[Top][All Lists]
[Date Prev][Date Next][Thread Prev][Thread Next][Date Index][Thread Index]
Re: [PATCH v2] dfa: optimize UTF-8 period
From: |
Jim Meyering |
Subject: |
Re: [PATCH v2] dfa: optimize UTF-8 period |
Date: |
Tue, 20 Apr 2010 15:49:35 +0200 |
Paolo Bonzini wrote:
> On 04/20/2010 12:06 PM, Jim Meyering wrote:
>> printf '\n'|LC_ALL=en_US.utf8 src/grep -zl .
>> printf '\0'|LC_ALL=en_US.utf8 src/grep -l .
>>
>> They should fail.
>
> By the way, I disagree that the first should fail.
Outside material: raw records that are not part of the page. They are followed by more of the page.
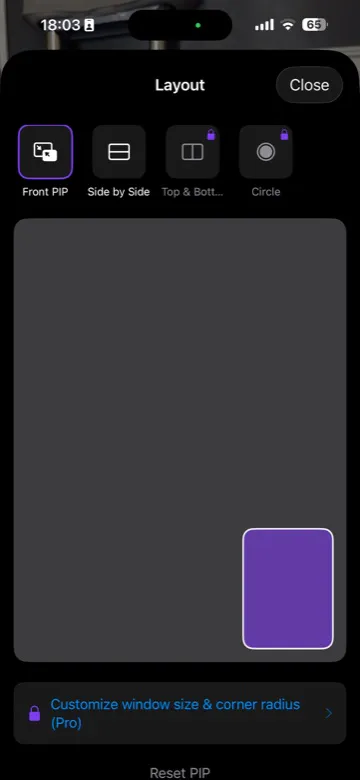 DualShot — Dual Camera Recording gallery image
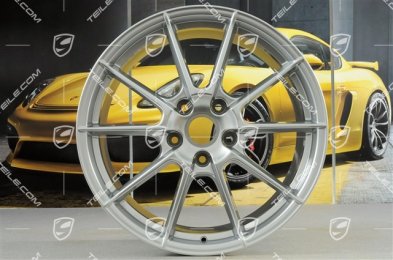 20" komplet felg "Spyder" / "718 Sport", felgi 8,5J x 20 ET57 + 10,5J x 20 ET47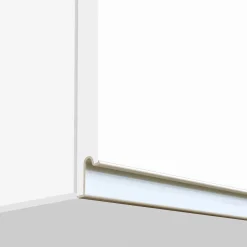 Garnero Arredamenti Cucine Complete|Cucine Complete-Cucina 255cm componibile lineare moderna bianco rovere Gourmet Prestige Bianco Lucido - Rovere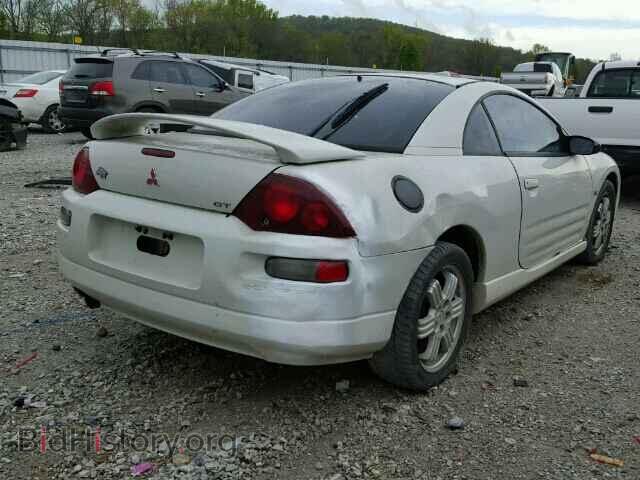 2001 MITSUBISHI ECLIPSE - VIN: 4A3AC54H11E070259 - Photo 4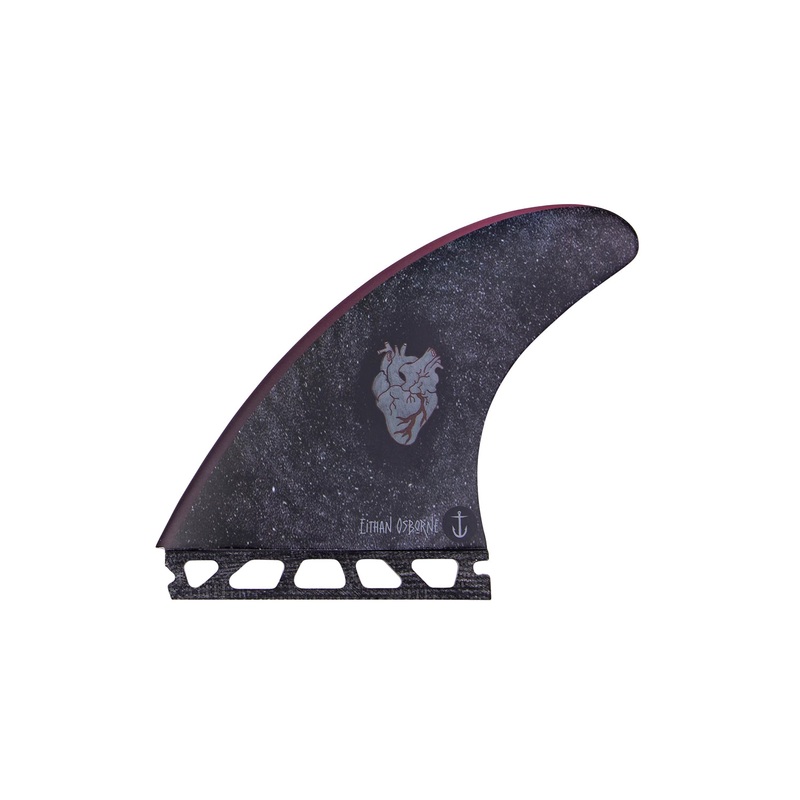 Captain Fin Co Eithan Osborne Thruster Set (Single Tab – Futures)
With -z the record
> separator ("newline") character is \0, so \n is just like any other
> character. The second should fail with
>
> printf '\0'|LC_ALL=en_US.utf8 POSIXLY_CORRECT=1 src/grep -l .
Good points. Thanks.
Here's a revised test (still failing, of course):
>From 5490e0283796cd4604a86a781644ef87de95526f Mon Sep 17 00:00:00 2001
From: Jim Meyering <address@hidden>
Date: Tue, 20 Apr 2010 11:34:57 +0200
Subject: [PATCH] tests: ensure that "." does not match NUL
* tests/dot-vs-NUL-and-NL: New file.
* tests/Makefile.am (TESTS): Add it.
---
tests/Makefile.am | 1 +
tests/dot-vs-NUL-and-NL | 31 +++++++++++++++++++++++++++++++
2 files changed, 32 insertions(+), 0 deletions(-)
create mode 100644 tests/dot-vs-NUL-and-NL
diff --git a/tests/Makefile.am b/tests/Makefile.am
index c2cc82c..b81e9ee 100644
--- a/tests/Makefile.am
+++ b/tests/Makefile.am
@@ -37,6 +37,7 @@ TESTS = \
case-fold-char-type \
char-class-multibyte \
dfaexec-multibyte \
+ dot-vs-NUL-and-NL \
empty \
ere.sh \
euc-mb \
diff --git a/tests/dot-vs-NUL-and-NL b/tests/dot-vs-NUL-and-NL
new file mode 100644
index 0000000..d7927a8
--- /dev/null
+++ b/tests/dot-vs-NUL-and-NL
@@ -0,0 +1,31 @@
+#!/bin/sh
+# Ensure that the match-any "." pattern does not match "\0", and
+# does match "\n" with -z.
+: ${srcdir=.}
+. "$srcdir/init.sh"; path_prepend_ ../src
+
+require_en_utf8_locale_
+
+printf '\n' > nl || framework_failure_
+printf '\0' > nul || framework_failure_
+fail=0
+
+for loc in en_US.UTF-8 C; do
+
+ # "." must not match "\0"
+ LC_ALL=$loc POSIXLY_CORRECT=1 grep -l . nul > out 2>&1
+ # Expect no match and no output.
+ test $? = 1 || fail=1
+ compare out /dev/null || fail=1
+
+ # In general, "." must not match "\n".
+ LC_ALL=$loc grep -l . nl > out
+ test $? = 1 || fail=1
+ compare out /dev/null || fail=1
+
+ # However, "." *does* match "\n" when "\0" is the input record delimiter.
+ LC_ALL=$loc grep -zl . nl > out || fail=1
+
+done
+
+Exit $fail
--
1.7.1.rc2.265.g8743f